DLA Piper raised some eyebrows when it said Wednesday it would ask 275 income partners to contribute capital -- up to $150,000 each -- to shore up its balance sheet.
But those who watch the industry said the move should not be a great surprise, nor raise alarm bells. It could simply be smart, given the turbulent economic times, shrinking credit, and the looming start of the first quarter, when cash flow tends to slow.
The move is surprising, but could be interpreted as good management, said Bruce MacEwen, a consultant who pens the Adam Smith Esq. blog.
"This arguably is a very prudent thing to do.
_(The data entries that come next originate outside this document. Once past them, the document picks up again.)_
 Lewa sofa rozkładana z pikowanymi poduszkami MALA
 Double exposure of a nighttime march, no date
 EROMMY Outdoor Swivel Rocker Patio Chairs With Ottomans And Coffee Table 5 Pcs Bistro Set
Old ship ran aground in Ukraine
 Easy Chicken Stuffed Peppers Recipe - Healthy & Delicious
I don't read anything negative into it," MacEwen said. "I do read it as unprecedented. ... I would not be alarmist about it."
The National Law Journal, a Recorder affiliate, reported online Wednesday that DLA Piper, the nation's largest law firm by attorney head count, plans to ask U.S. income partners to contribute capital to the firm for the first time starting next year and to reduce monthly payments to some top U.S. equity partners. The firm says it wants to reduce its reliance on bank credit and simplify its compensation structure.
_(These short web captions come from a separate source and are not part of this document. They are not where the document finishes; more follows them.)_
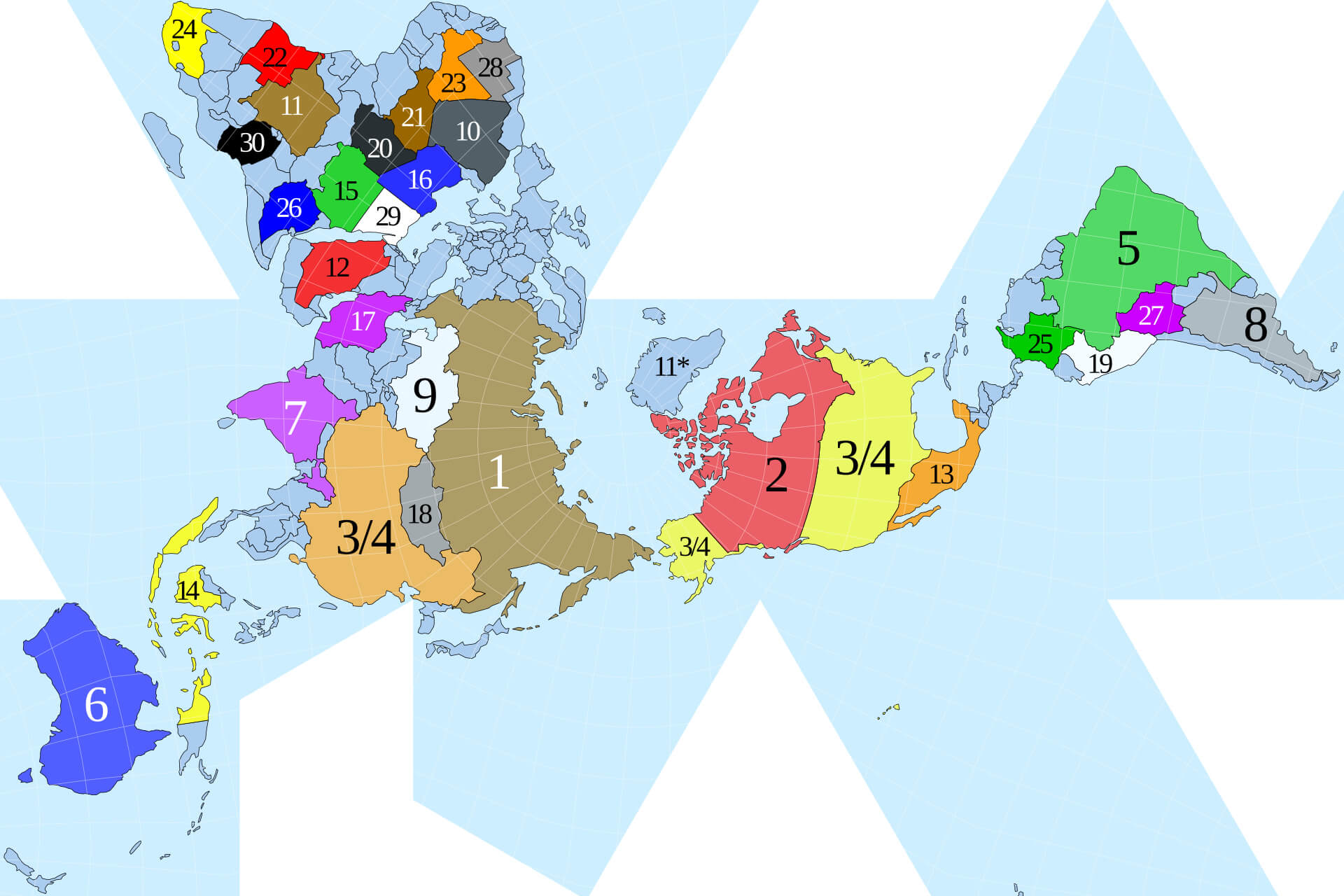 Dymaxion Karte 30 groesste laender der welt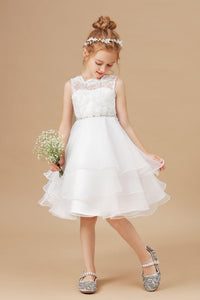 Applique Tulle Organza Ruffles Sleeveless Flower Girl dress With Rhinestone Sash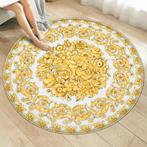 Wit Goud Bloemen Barok Rond Vloerkleed Kleed Tapijt Luxe, Huis en Inrichting, Stoffering | Tapijten en Kleden, Verzenden, Nieuw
The amount of capital that each income partner will be required to contribute will depend on seniority. The plan will give them a limited stake in the firm's profits and less responsibility for losses than current equity partners, said DLA Joint CEO Frank Burch Jr.
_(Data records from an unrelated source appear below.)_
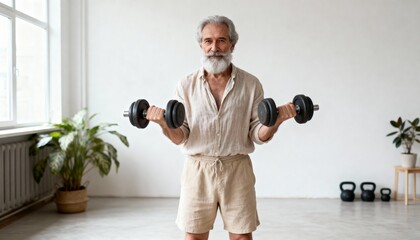 Fit senior man with a grey beard exercising with dumbbells at home. Active older male doing a strength training workout for a healthy lifestyle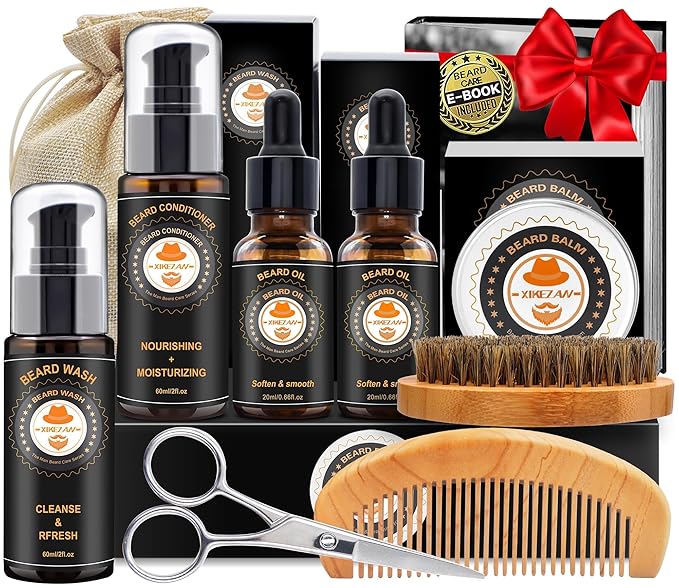 XIKEZAN Beard Kit for Mens Care & Grooming Sets with 2 Pack Beard Oils, Wash, Conditioner, Balm, Brush, Comb & Scissors, Birthday Gifts for Men Him,Valentines Christmas Gifts Mens Stocking Stuffers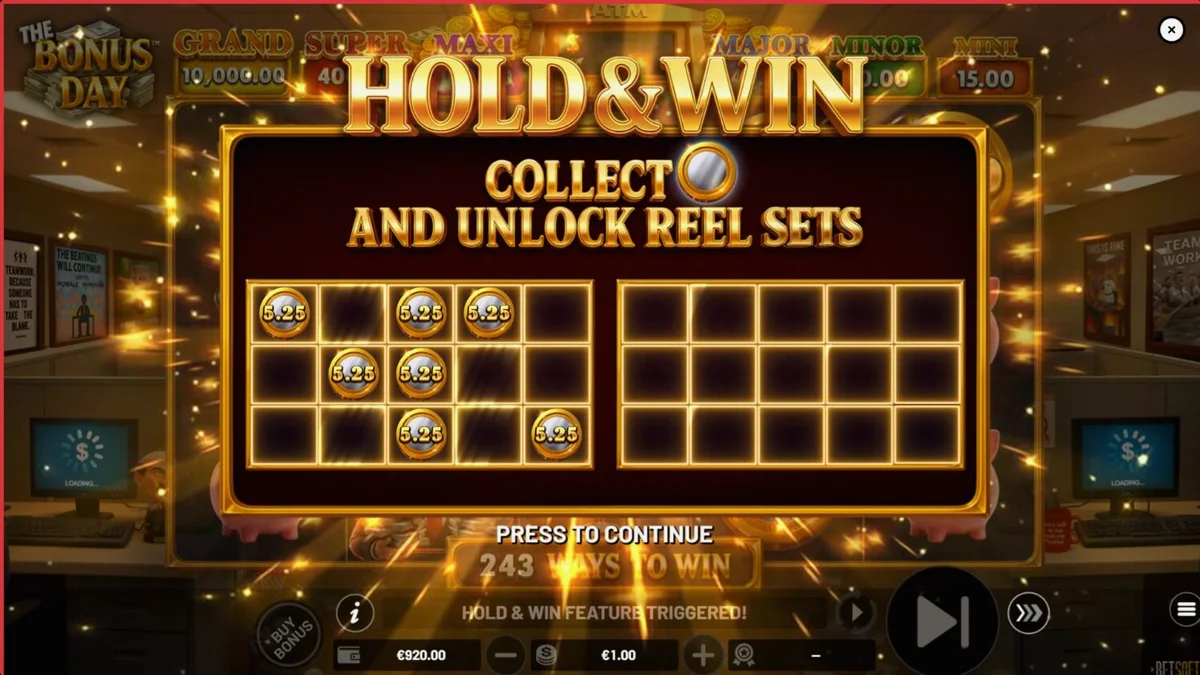 Interface visual do slot The Bonus Day com tema de escritório e símbolos corporativos
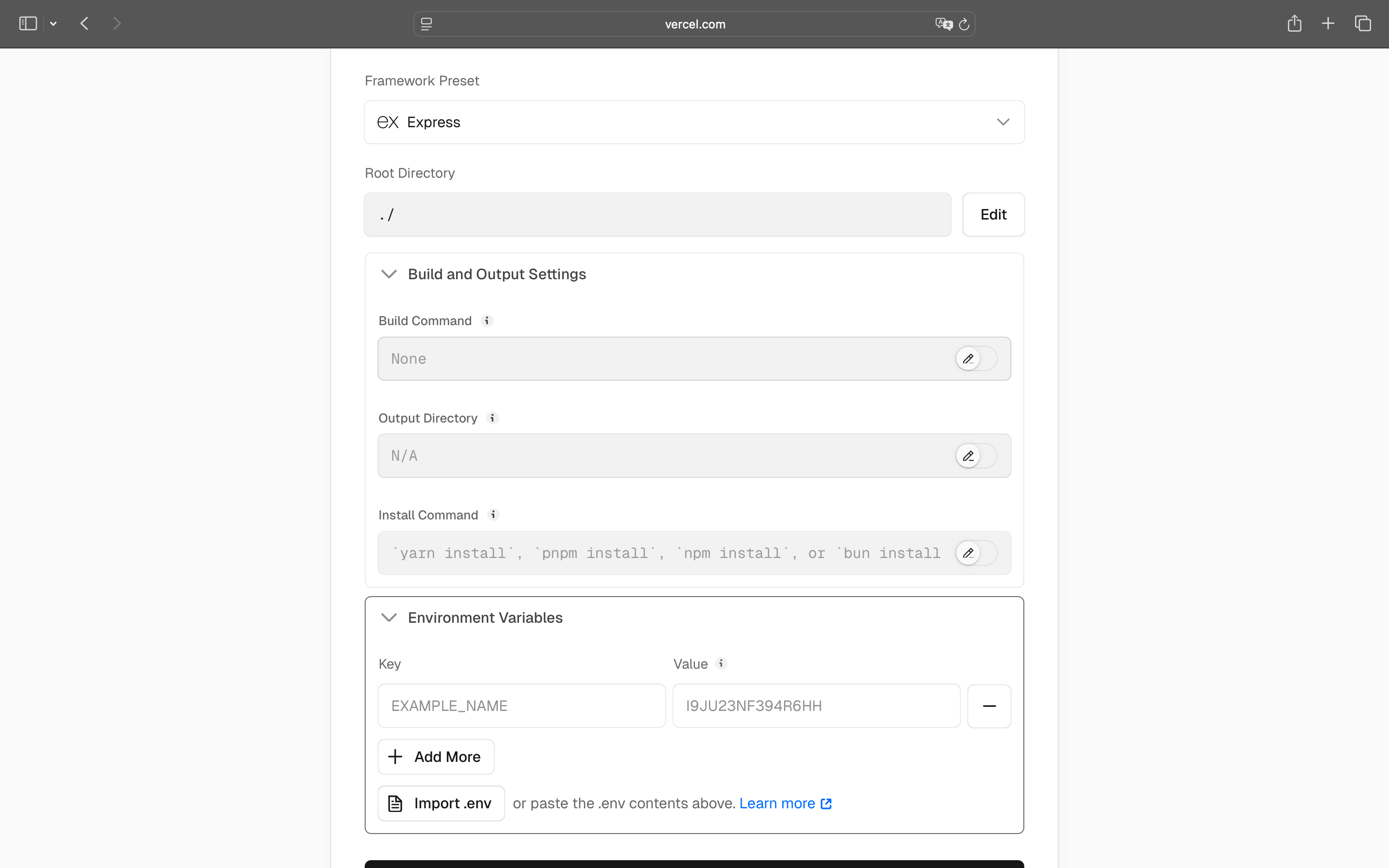 Vercel configuration page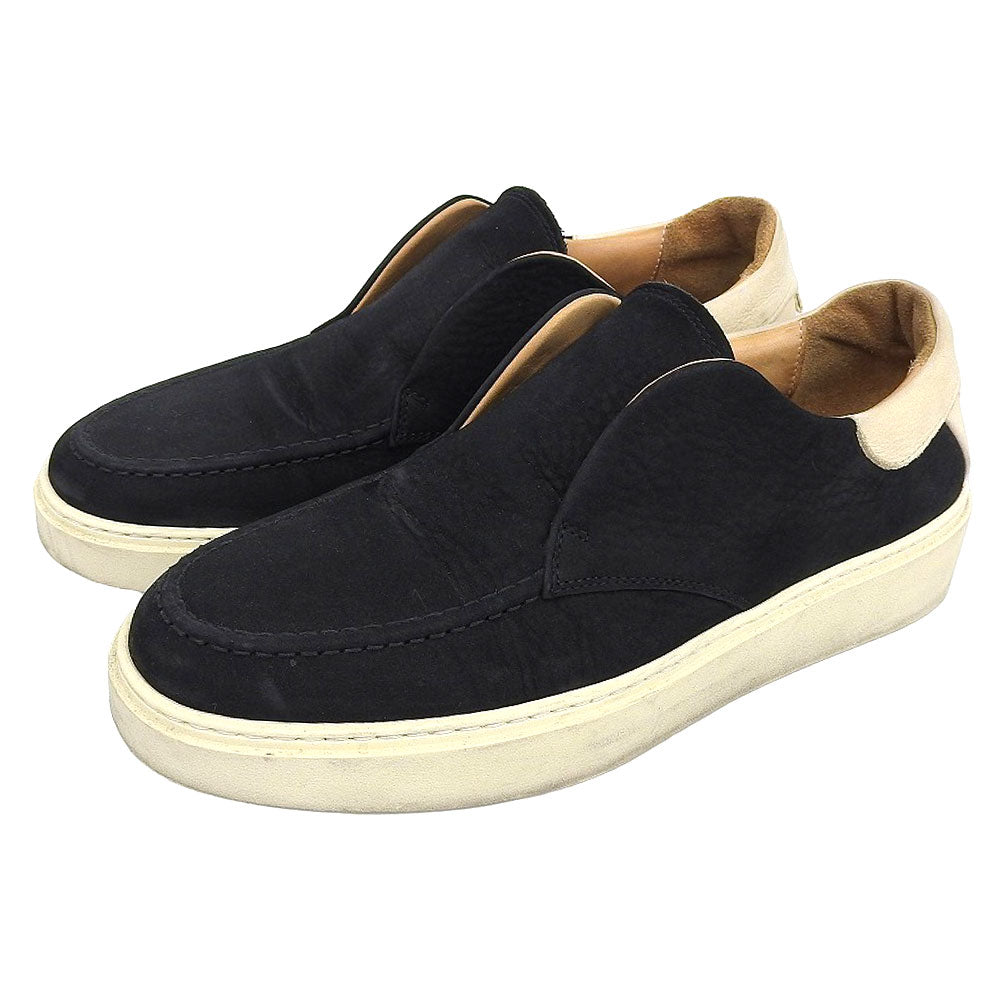 CAMERELENGO Leather Suede Slip-Ons Black Size EU 40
The proposed capital and partnership structure changes will be voted on by partners next month, but are likely to be approved and take effect in January, he said.
"Everybody who is a partner in the firm will have some skin in the game, and as you evolve and progress, you will contribute more capital and have more skin in the game," Burch told The National Law Journal.
DLA declined to comment Thursday for this story when asked for specifics on how the plan would work.
One person in a high leadership position at a California firm, who declined to be named while discussing another firm's internal matters, said the move seems to amount to a pay cut, or a reduction in partner benefits, but does not spell doom.
"I don't view it as an act of desperation," he said. "This is a really good time to be strengthening your balance sheet. This is a plus to the balance sheet, not a plus to the income statement. It will ... improve their working capital position."
Consultant Peter Zeughauser said he was not surprised at the move, and said such arrangements are "not uncommon." He disagreed that it was unprecedented. Managing capital and debt are things "these law firms think about a lot, especially in these economic times," Zeughauser said. He said he did not advise the firm on the matter.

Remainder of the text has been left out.